• [DATA IN THIS EXERCISE]
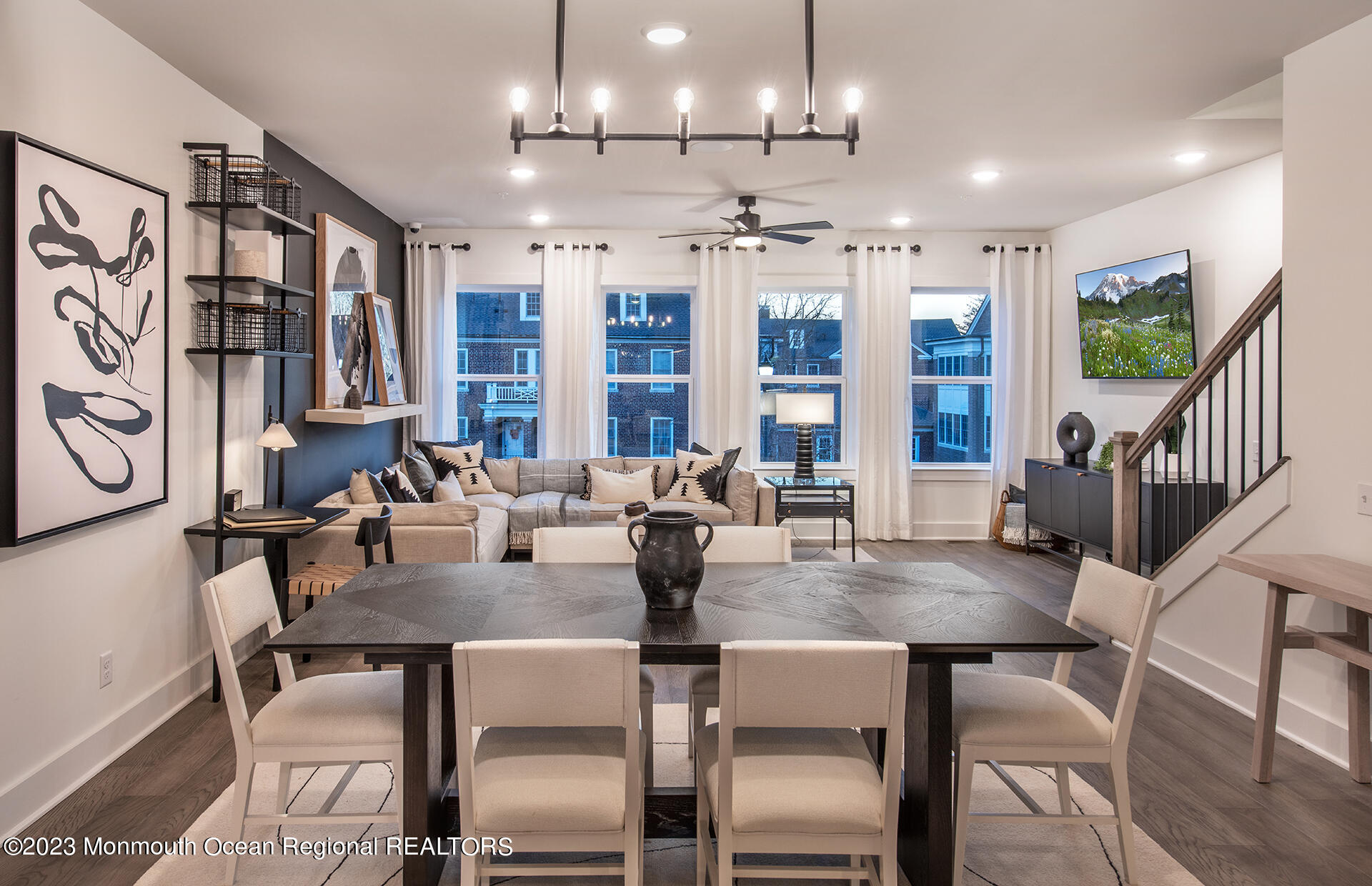 2 Sunset Oceanport, NJ 07757 - Photo 3 of 9 a view of a dining room with furniture a chandelier and wooden floor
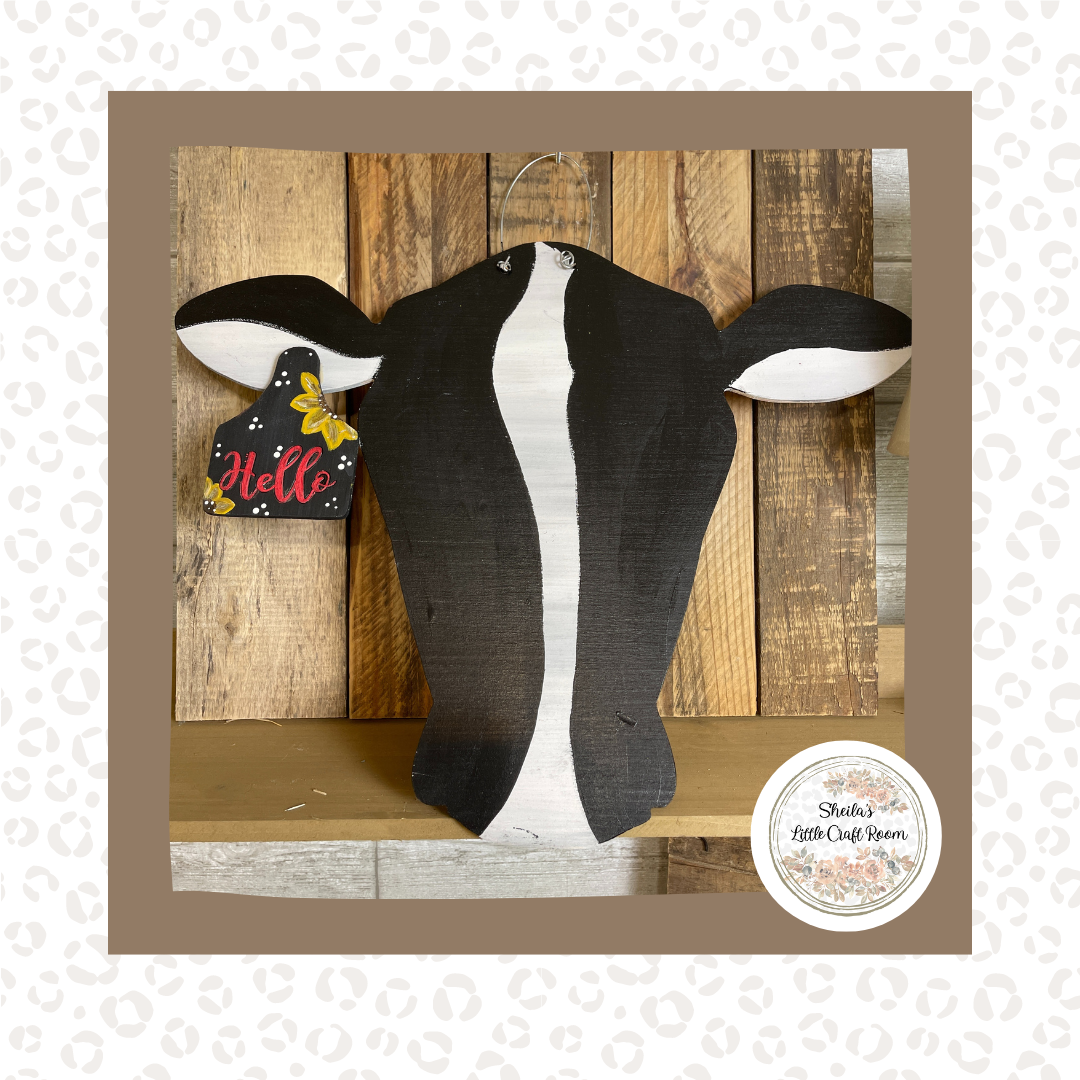 BLACK AND WHITE COW WITH HELLO AND SUNFLOWER TAG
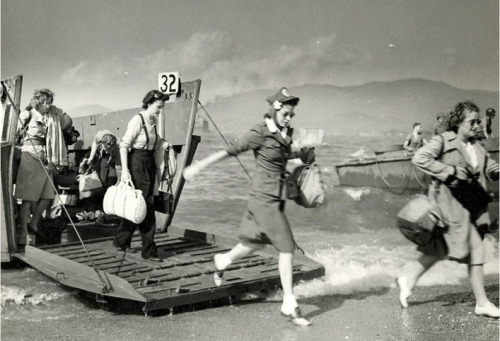 particularscarf: bacon-radio: historicaltimes: Normandy landing that you didnt see. 1944 Red Cross w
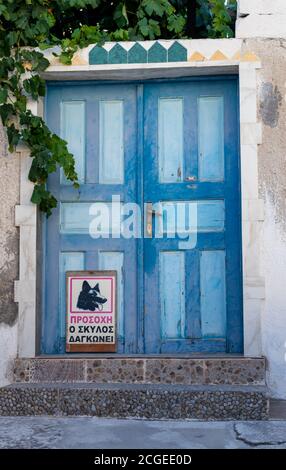 blue door in the old town with the sign 'beware of the dog' in greek on the door Stock Photo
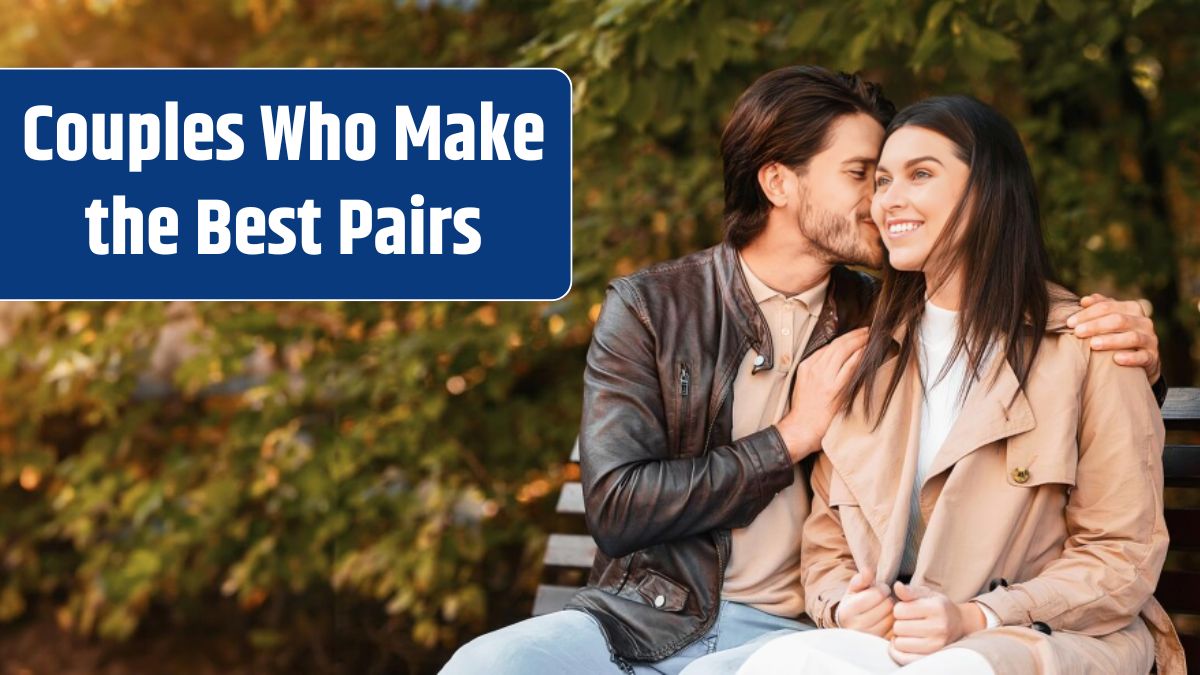 Romantic guy flirting with pretty smiling girlfriend sitting on bench at park.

• [YOUR INSTRUCTIONS] Return all of the material exactly, without pictures.

• [ANSWER BELOW]
 2 Sunset Oceanport, NJ 07757 - Photo 3 of 9 a view of a dining room with furniture a chandelier and wooden floor
 BLACK AND WHITE COW WITH HELLO AND SUNFLOWER TAG
 particularscarf: bacon-radio: historicaltimes: Normandy landing that you didnt see. 1944 Red Cross w
 blue door in the old town with the sign 'beware of the dog' in greek on the door Stock Photo
 Romantic guy flirting with pretty smiling girlfriend sitting on bench at park.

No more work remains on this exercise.